Who is this for? staff who are responsible for the setting up and granting of access to a Moodle course as well as ongoing management.
Moodle roles required: Teacher (Editor) and above see Moodle roles at LSE.
Most courses are already in existence when you come to work on them.
To see which courses you already have access to, click My Courses in the NAVIGATION block. Having accessed a course, if you find that you do not have a high enough level of access, contact email@example.com for the required level as per Moodle roles at LSE.
If the course is not in your list, check to see if it exists using the SEARCH COURSES block. If you locate it, email firstname.lastname@example.org and request access at the level you need as per Moodle roles at LSE.
If a course does not exist yet, email email@example.com to request it. Provide the name of the course and details of all staff, including you, who need to be added to it. Make sure to specify the roles required as per Moodle roles at LSE. On receipt of the request, LTI will create the course and email you back.
Once you have the required level of access, you can carry out any future enrolments and other management tasks.
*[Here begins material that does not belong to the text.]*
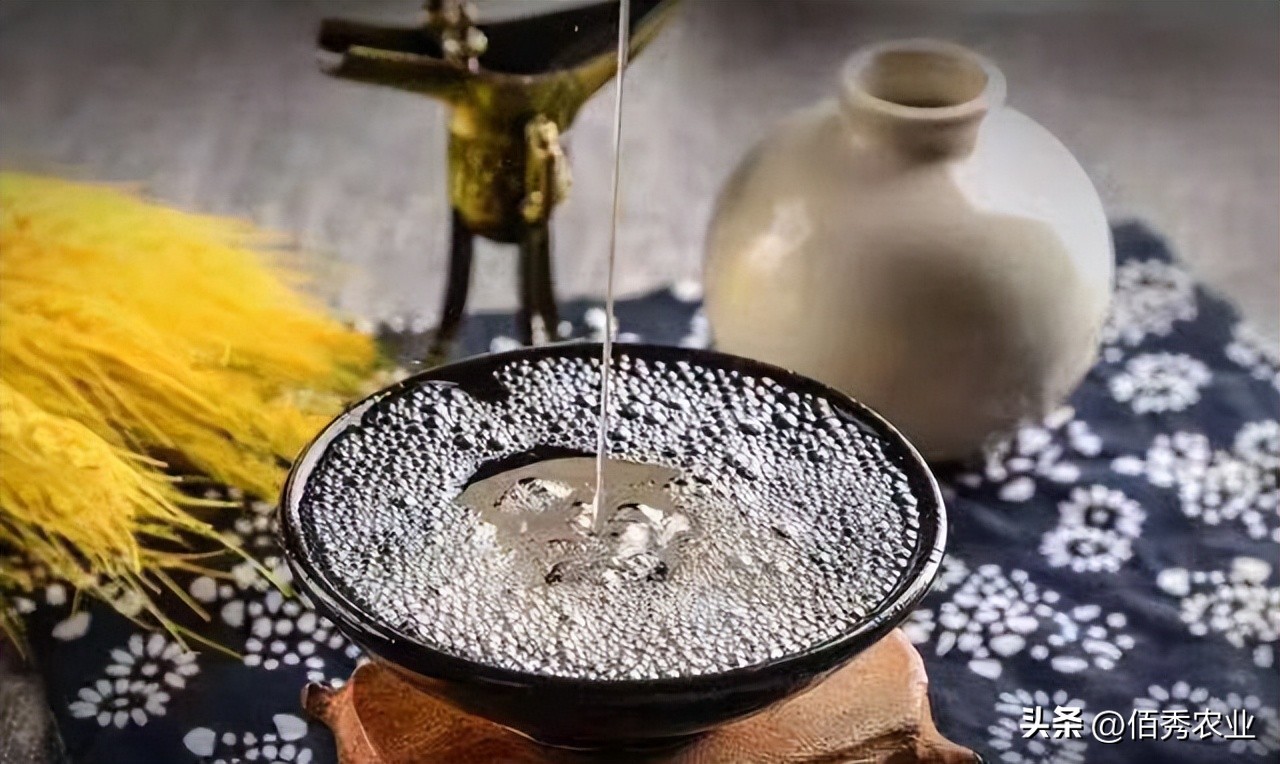 52度白酒存放十年过期吗,42度白酒时间长了会过期吗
Normally you will only be concerned with staff enrolment (or unenrolment). Registered students are enrolled automatically and auditing students can self-enrol. See Enrolment methods.
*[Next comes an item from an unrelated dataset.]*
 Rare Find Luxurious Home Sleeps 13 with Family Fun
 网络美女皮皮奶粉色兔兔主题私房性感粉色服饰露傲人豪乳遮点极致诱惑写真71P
As a general rule, you should only need to enrol or change the enrolment of other teaching staff. Students will get access to courses automatically based on their LSE For You registration and auditing students are normally able to self-enrol.
Groups and Groupings
Groups and groupings provide a range of mechanisms to facilitate group working on a Moodle course.
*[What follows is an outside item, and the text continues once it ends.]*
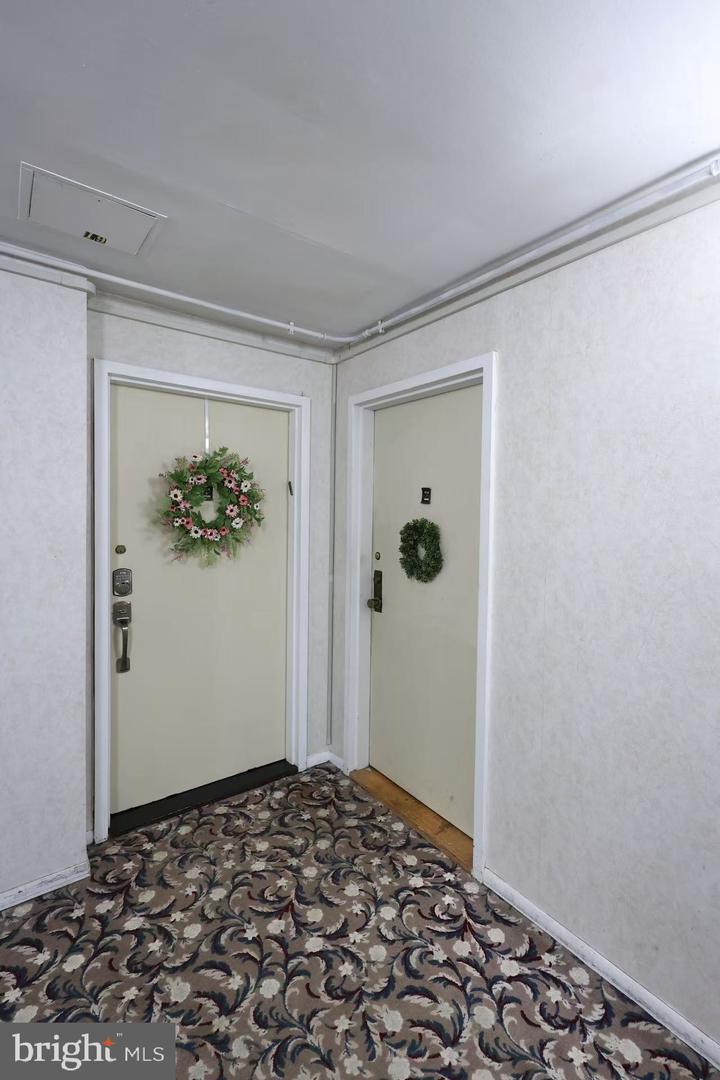 7600 E Roosevelt Blvd #906 Property Photo 10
They can be used as an administrative tool to allocate student submissions to different markers, something that is very common at LSE. However they present a range of other possibilities. Students can be in multiple groups at once, making it possible to have different groups for different activities e.g. you might use larger groups for forum discussions, and smaller groups for a collaborative wiki. Group activities can be invisible or visible to other groups according to the requirements of a particular context. Groups can be as small as one making it possible to provide activities or resources to individual students should the need arise e.g. allow someone to make an assignment submission after the deadline has passed.
Groups are a very useful pedagogical tool, particularly on large courses, to provide students with the opportunity to work collaboratively with a smaller number of peers in a deeper and richer way than would be possible in whole class activities.
Making Good Use of Moodle
The temptation for busy academics is to use Moodle as a repository (or dumping ground) for resources such as handouts, lecture slides, reading lists et al and overlook the opportunities it provides to to extend students’ learning experience beyond the classroom. As well as uploading static content, give some consideration to using the wide variety of other tools on offer, including:
Discussion forums: Can be used to get students to engage with seminar topics before the class or to hold debates that can continue online after class is over.
Quizzes: Online tests to monitor students’ progress, or for students to test themselves.
Wikis: Allow students to work collaboratively on documents, wherever they are, and at any time.
Assignments: Allow students to submit work online, and assign grades and comments.